*EXERCISE DETAILS:* Begin at the line below that has "Clay Township logo: lighthouse, sunset, sailboat, and". Stop after the line that has "An outdoor dining", repeating each line exactly and leaving out the pictures.

*DATA FOR THIS EXERCISE:*
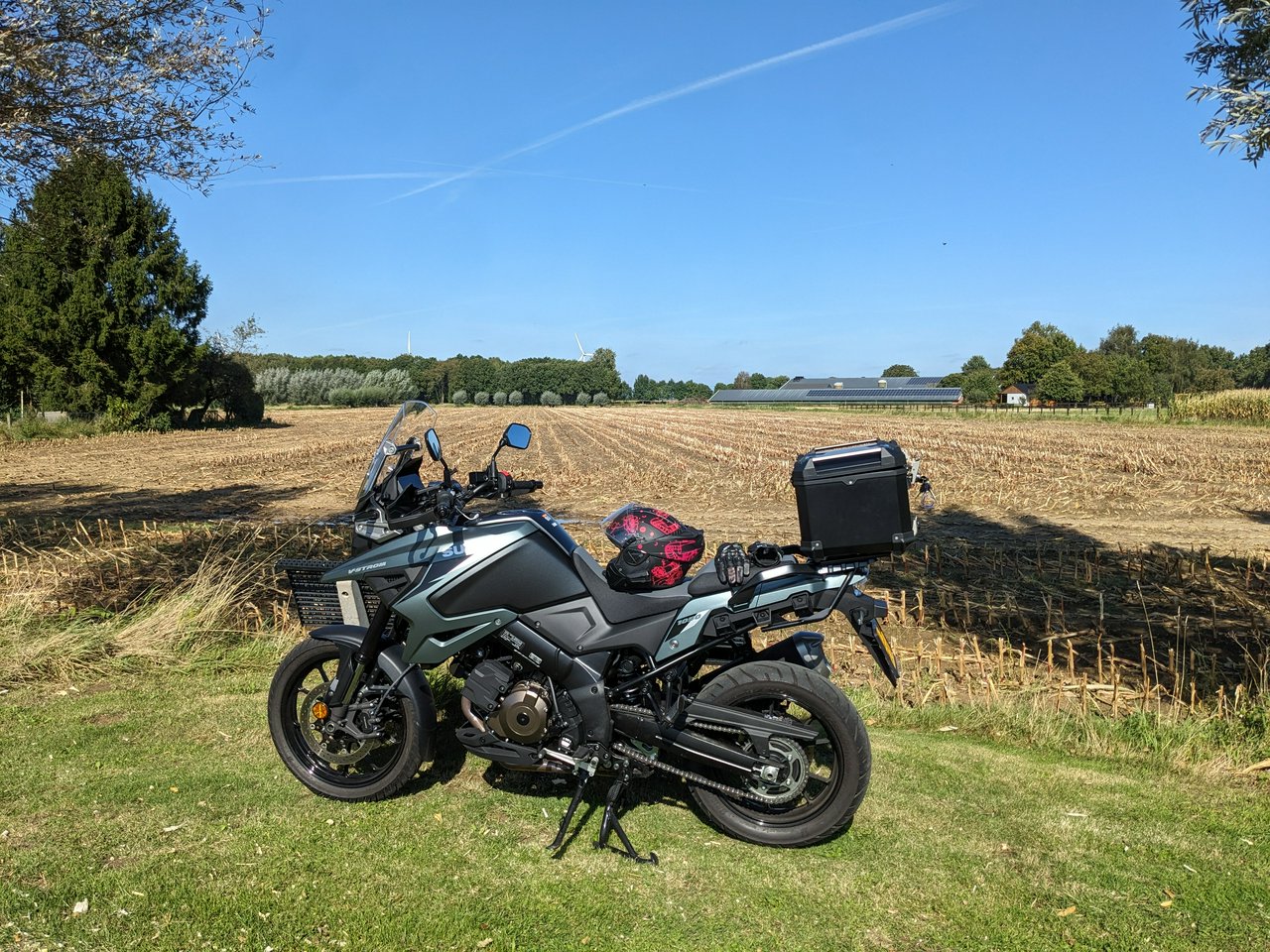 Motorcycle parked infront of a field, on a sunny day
* * *
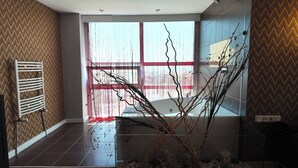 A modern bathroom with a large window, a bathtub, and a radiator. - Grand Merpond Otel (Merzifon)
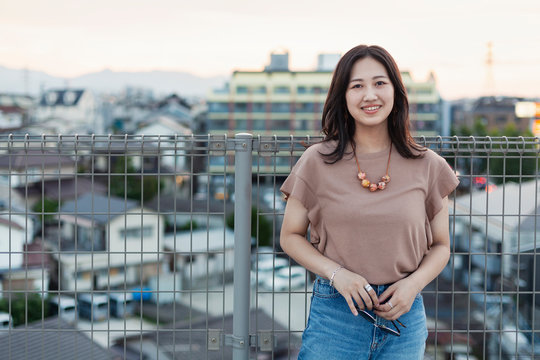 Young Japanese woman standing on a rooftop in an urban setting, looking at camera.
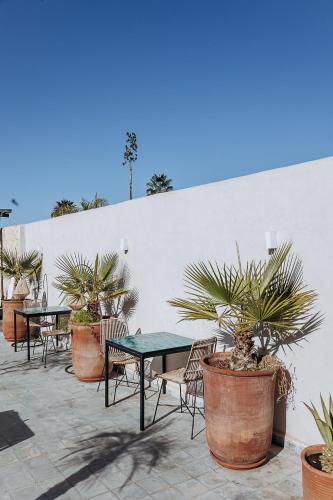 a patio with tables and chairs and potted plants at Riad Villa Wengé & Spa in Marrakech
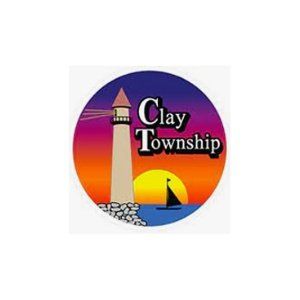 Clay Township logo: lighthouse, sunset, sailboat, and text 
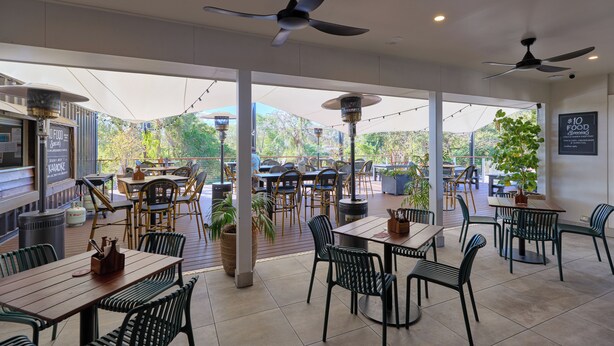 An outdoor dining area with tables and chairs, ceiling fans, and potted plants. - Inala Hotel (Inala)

*TASK RESULT:*
 Clay Township logo: lighthouse, sunset, sailboat, and text 
 An outdoor dining area with tables and chairs, ceiling fans, and potted plants. - Inala Hotel (Inala)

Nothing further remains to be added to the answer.